The Roman Empire and the Indian Ocean: The Ancient World Economy and the Kingdoms of Africa, Arabia and India
By Raoul McLaughlin, Pen and Sword Maritime Books, Yorkshire and Philadelphia, (2018)

Reviewed by Janet Nolan, Ph. D.

 

A graduate of Lagan College, Northern Ireland’s first Integrated School, Raoul McLaughlin has written a remarkable book built on his 2006 doctoral dissertation at Queen’s University Belfast. Based on an ingenious and wide-ranging selection of primary sources that are buttressed by a selective group of secondary sources, McLaughlin’s work widens the horizons of the general reader and the scholar alike.

Perhaps an even more accurate title for this highly readable book could be “The Red Sea, the Indian Ocean, and the Fall of the Roman Empire,” as McLaughlin meticulously traces the rise and fall of Imperial naval expansion between 200 BCE and 200 AD, first into the eastern Mediterranean and from there, down the coast of East Africa as far as present-day Kenya, then across the Red Sea to the Arabian coast, and eventually across the Indian Ocean to the subcontinent. Further voyages reached today’s Sri Lanka and eventually the coast of Viet Nam, where Roman sailors met an embassy from the Chinese emperor, thereby establishing a short-lived but productive exchange of goods and information between the two greatest empires of the day.

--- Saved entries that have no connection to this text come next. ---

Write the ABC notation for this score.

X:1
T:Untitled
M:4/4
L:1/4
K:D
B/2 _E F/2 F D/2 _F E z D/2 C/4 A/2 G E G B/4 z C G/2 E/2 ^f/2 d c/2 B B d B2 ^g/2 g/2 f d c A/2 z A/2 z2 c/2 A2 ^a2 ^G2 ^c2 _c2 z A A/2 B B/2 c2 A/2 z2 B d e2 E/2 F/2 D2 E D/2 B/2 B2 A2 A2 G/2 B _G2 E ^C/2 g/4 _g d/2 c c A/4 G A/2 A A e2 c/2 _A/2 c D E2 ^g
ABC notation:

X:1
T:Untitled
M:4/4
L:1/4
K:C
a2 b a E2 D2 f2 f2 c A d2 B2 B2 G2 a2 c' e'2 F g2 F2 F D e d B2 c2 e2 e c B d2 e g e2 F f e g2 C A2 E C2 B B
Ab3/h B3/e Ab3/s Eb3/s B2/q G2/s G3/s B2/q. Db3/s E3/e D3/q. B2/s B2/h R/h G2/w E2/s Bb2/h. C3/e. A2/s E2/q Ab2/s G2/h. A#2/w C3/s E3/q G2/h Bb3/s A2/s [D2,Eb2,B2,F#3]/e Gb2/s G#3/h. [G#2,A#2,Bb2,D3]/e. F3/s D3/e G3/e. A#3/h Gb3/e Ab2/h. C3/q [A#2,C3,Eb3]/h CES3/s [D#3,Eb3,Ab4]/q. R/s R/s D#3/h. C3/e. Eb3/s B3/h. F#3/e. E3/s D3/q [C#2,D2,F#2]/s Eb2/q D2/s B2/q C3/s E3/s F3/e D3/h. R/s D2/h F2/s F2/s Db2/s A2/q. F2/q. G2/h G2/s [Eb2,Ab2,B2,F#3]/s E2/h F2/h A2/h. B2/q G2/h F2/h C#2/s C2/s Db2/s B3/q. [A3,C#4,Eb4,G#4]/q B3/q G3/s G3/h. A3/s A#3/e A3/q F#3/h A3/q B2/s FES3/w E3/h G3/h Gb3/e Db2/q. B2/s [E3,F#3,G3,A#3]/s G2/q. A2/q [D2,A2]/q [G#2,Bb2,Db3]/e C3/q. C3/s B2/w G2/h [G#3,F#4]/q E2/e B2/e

Many firsts emerged from this global trade during the Imperial Era. Perhaps most importantly in terms of naval studies, Rome’s adoption of the Indian knowledge of the ocean’s monsoon winds. Roman trading ships could now abandon pilotage between landmarks for navigation on the open sea. Within days of leaving a Roman port on the Red Sea, these pioneering sailors reached the Indus River valley, unexplored by westerners since Alexander’s land invasion two centuries before. Roman mariners were seeking markets to exchange Roman gold and silver for the riches of the east, especially frankincense and myrrh, the main ingredients of incense, plus the jewels and spices otherwise unavailable in the west. These luxuries were purchased with Roman bullion and coins—silver coins were even more valuable than gold in Asian markets—which eventually caused a fatal imbalance in trade between Rome and the raw-material rich east.

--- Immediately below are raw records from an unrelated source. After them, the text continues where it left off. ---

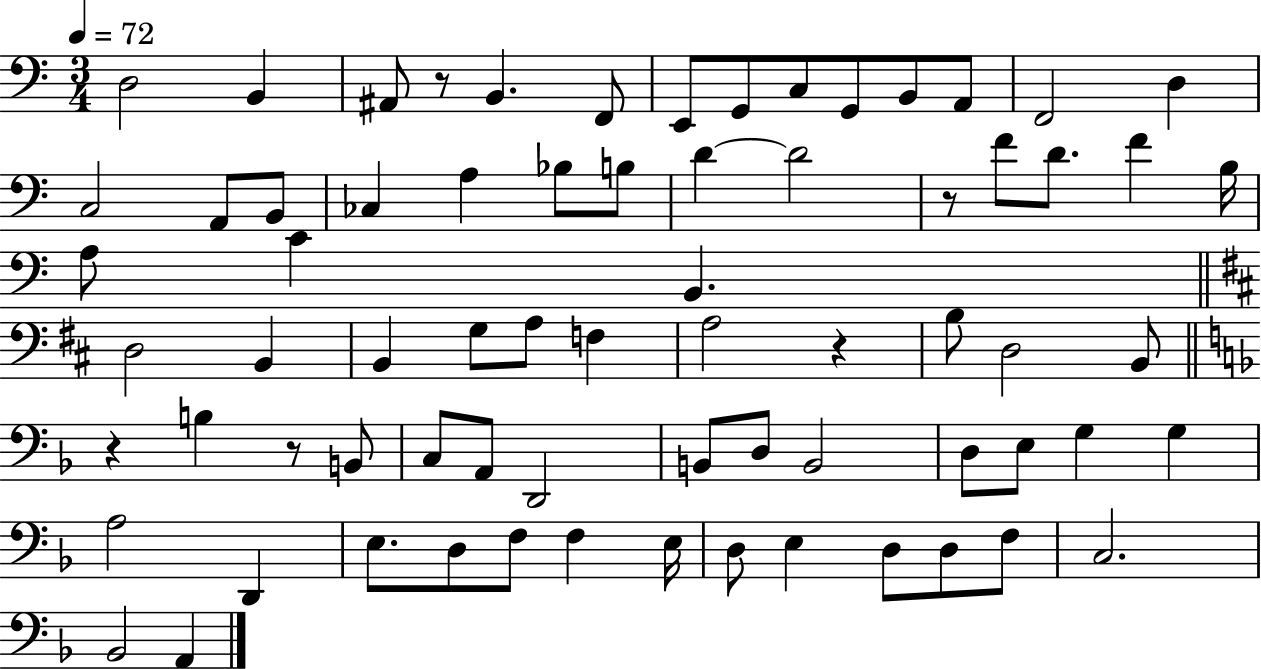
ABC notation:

X:1
T:Untitled
M:3/4
L:1/4
K:C
D,2 B,, ^A,,/2 z/2 B,, F,,/2 E,,/2 G,,/2 C,/2 G,,/2 B,,/2 A,,/2 F,,2 D, C,2 A,,/2 B,,/2 _C, A, _B,/2 B,/2 D D2 z/2 F/2 D/2 F B,/4 A,/2 C B,, D,2 B,, B,, G,/2 A,/2 F, A,2 z B,/2 D,2 B,,/2 z B, z/2 B,,/2 C,/2 A,,/2 D,,2 B,,/2 D,/2 B,,2 D,/2 E,/2 G, G, A,2 D,, E,/2 D,/2 F,/2 F, E,/4 D,/2 E, D,/2 D,/2 F,/2 C,2 _B,,2 A,,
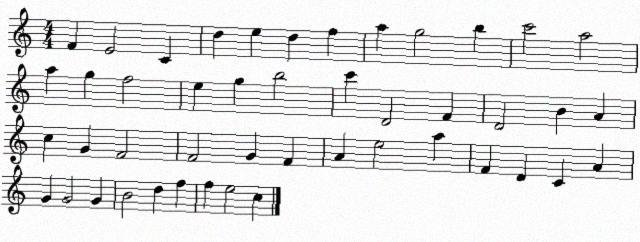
X:1
T:Untitled
M:4/4
L:1/4
K:C
F E2 C d e d f a g2 b c'2 a2 a g f2 e g b2 c' D2 F D2 B A c G F2 F2 G F A e2 a F D C A G G2 G B2 d f f e2 c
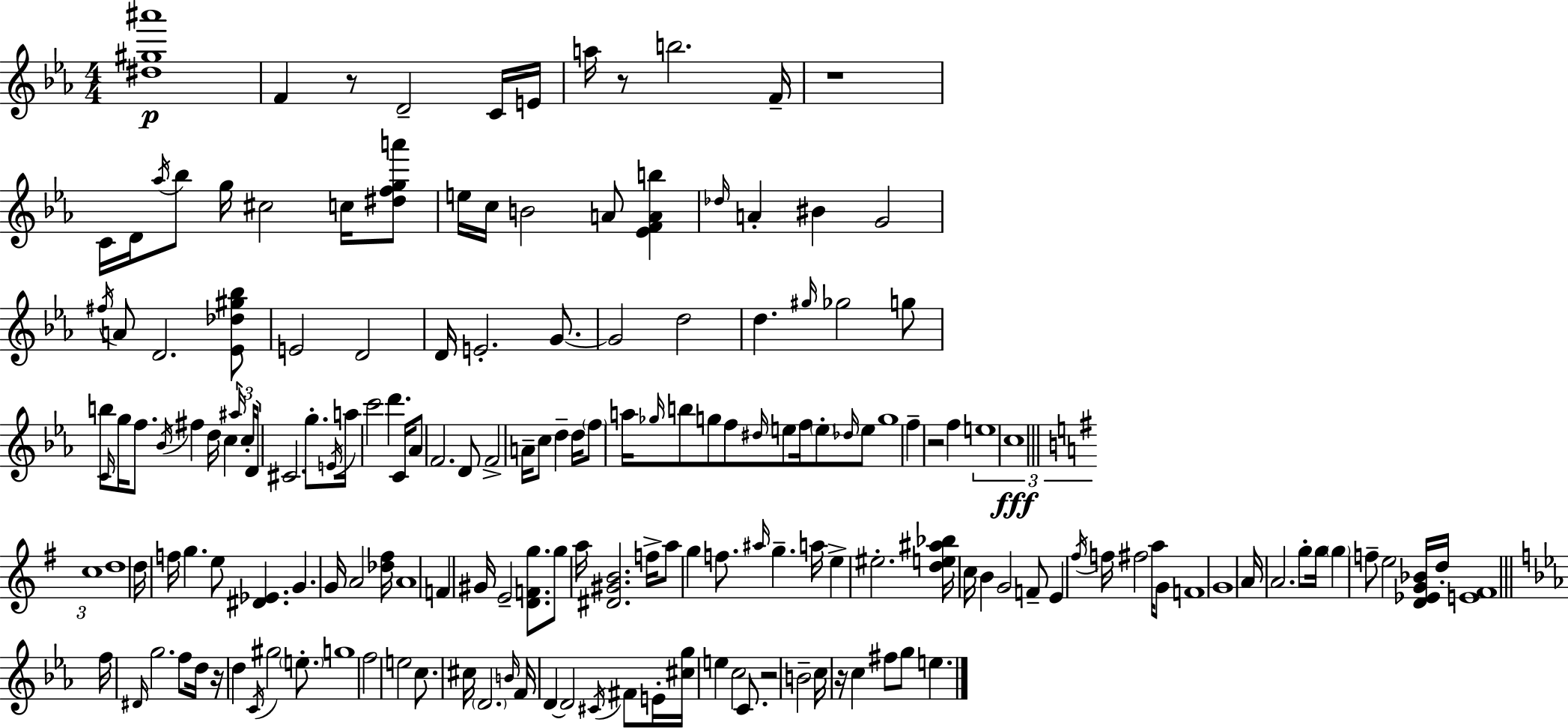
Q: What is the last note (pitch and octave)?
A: E5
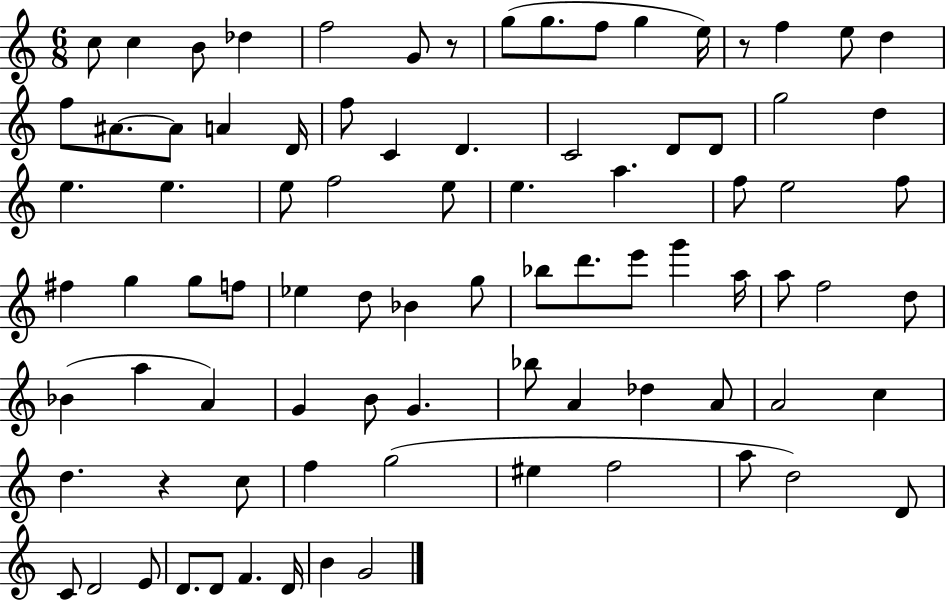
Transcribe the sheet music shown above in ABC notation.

X:1
T:Untitled
M:6/8
L:1/4
K:C
c/2 c B/2 _d f2 G/2 z/2 g/2 g/2 f/2 g e/4 z/2 f e/2 d f/2 ^A/2 ^A/2 A D/4 f/2 C D C2 D/2 D/2 g2 d e e e/2 f2 e/2 e a f/2 e2 f/2 ^f g g/2 f/2 _e d/2 _B g/2 _b/2 d'/2 e'/2 g' a/4 a/2 f2 d/2 _B a A G B/2 G _b/2 A _d A/2 A2 c d z c/2 f g2 ^e f2 a/2 d2 D/2 C/2 D2 E/2 D/2 D/2 F D/4 B G2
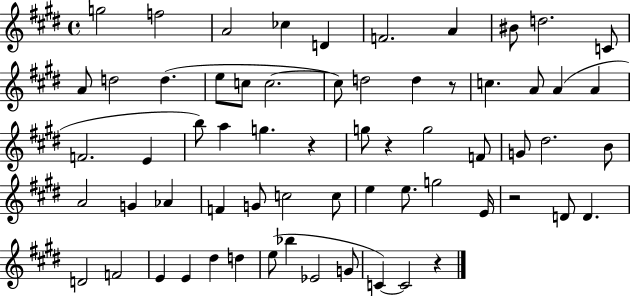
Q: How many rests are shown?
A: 5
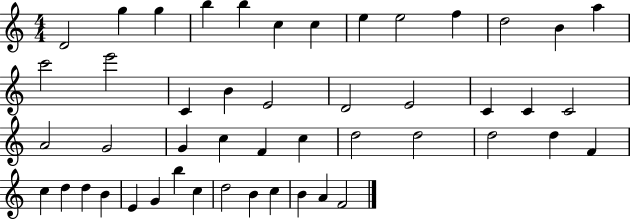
D4/h G5/q G5/q B5/q B5/q C5/q C5/q E5/q E5/h F5/q D5/h B4/q A5/q C6/h E6/h C4/q B4/q E4/h D4/h E4/h C4/q C4/q C4/h A4/h G4/h G4/q C5/q F4/q C5/q D5/h D5/h D5/h D5/q F4/q C5/q D5/q D5/q B4/q E4/q G4/q B5/q C5/q D5/h B4/q C5/q B4/q A4/q F4/h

McLaughlin links the growing costs of treasury-draining imperial expansion to its north and west—he sees the conquest of Britain as a Caesarian ego-boosting drain on Roman bullion resources, for instance—and the demand for Asian luxuries among the Roman elite. The combination of these two factors led to the growing inability of the Imperial government to fund the military that policed its borders. While the expansion of trade with the east enriched Roman life, its costs eventually outweighed its benefits, unleashing the complex series of events that caused the empire to split in two and leave its western half in a dark age where knowledge of ocean navigation and of the east was all but lost for the next thousand years.

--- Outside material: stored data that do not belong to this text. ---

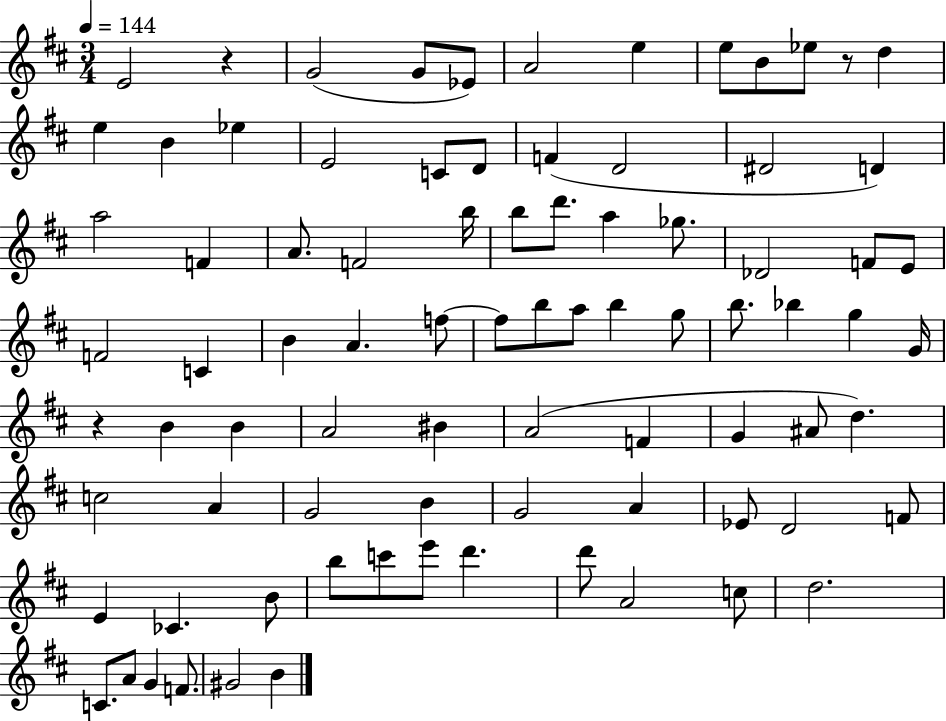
E4/h R/q G4/h G4/e Eb4/e A4/h E5/q E5/e B4/e Eb5/e R/e D5/q E5/q B4/q Eb5/q E4/h C4/e D4/e F4/q D4/h D#4/h D4/q A5/h F4/q A4/e. F4/h B5/s B5/e D6/e. A5/q Gb5/e. Db4/h F4/e E4/e F4/h C4/q B4/q A4/q. F5/e F5/e B5/e A5/e B5/q G5/e B5/e. Bb5/q G5/q G4/s R/q B4/q B4/q A4/h BIS4/q A4/h F4/q G4/q A#4/e D5/q. C5/h A4/q G4/h B4/q G4/h A4/q Eb4/e D4/h F4/e E4/q CES4/q. B4/e B5/e C6/e E6/e D6/q. D6/e A4/h C5/e D5/h. C4/e. A4/e G4/q F4/e. G#4/h B4/q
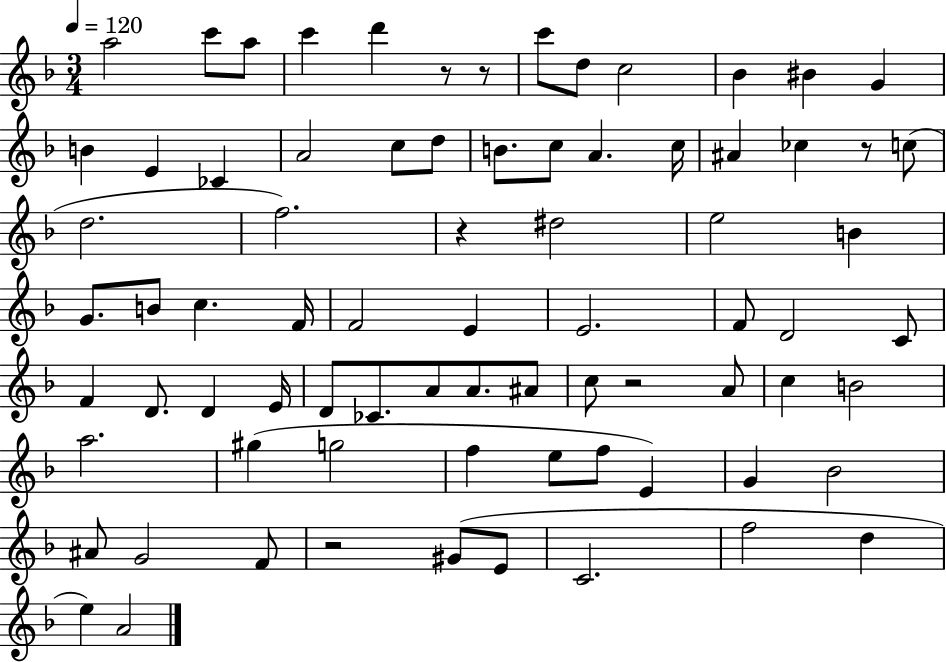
A5/h C6/e A5/e C6/q D6/q R/e R/e C6/e D5/e C5/h Bb4/q BIS4/q G4/q B4/q E4/q CES4/q A4/h C5/e D5/e B4/e. C5/e A4/q. C5/s A#4/q CES5/q R/e C5/e D5/h. F5/h. R/q D#5/h E5/h B4/q G4/e. B4/e C5/q. F4/s F4/h E4/q E4/h. F4/e D4/h C4/e F4/q D4/e. D4/q E4/s D4/e CES4/e. A4/e A4/e. A#4/e C5/e R/h A4/e C5/q B4/h A5/h. G#5/q G5/h F5/q E5/e F5/e E4/q G4/q Bb4/h A#4/e G4/h F4/e R/h G#4/e E4/e C4/h. F5/h D5/q E5/q A4/h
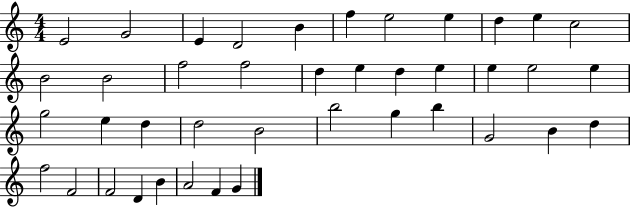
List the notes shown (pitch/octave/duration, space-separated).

E4/h G4/h E4/q D4/h B4/q F5/q E5/h E5/q D5/q E5/q C5/h B4/h B4/h F5/h F5/h D5/q E5/q D5/q E5/q E5/q E5/h E5/q G5/h E5/q D5/q D5/h B4/h B5/h G5/q B5/q G4/h B4/q D5/q F5/h F4/h F4/h D4/q B4/q A4/h F4/q G4/q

Raoul McLaughlin’s sophisticated survey of the complexities of Roman economics, politics, and society offers pioneering insight into the fragility of Pax Romana despite its conquests and global reach in trade. His ground-breaking study of a world linked by oceans also calls into question the theory that the ancient world was more primitive than the modern or that history evolves in an ever-ascending arc from the barbaric to the civilized.

Dr. Nolan is a former history professor, at Loyola University, Chicago.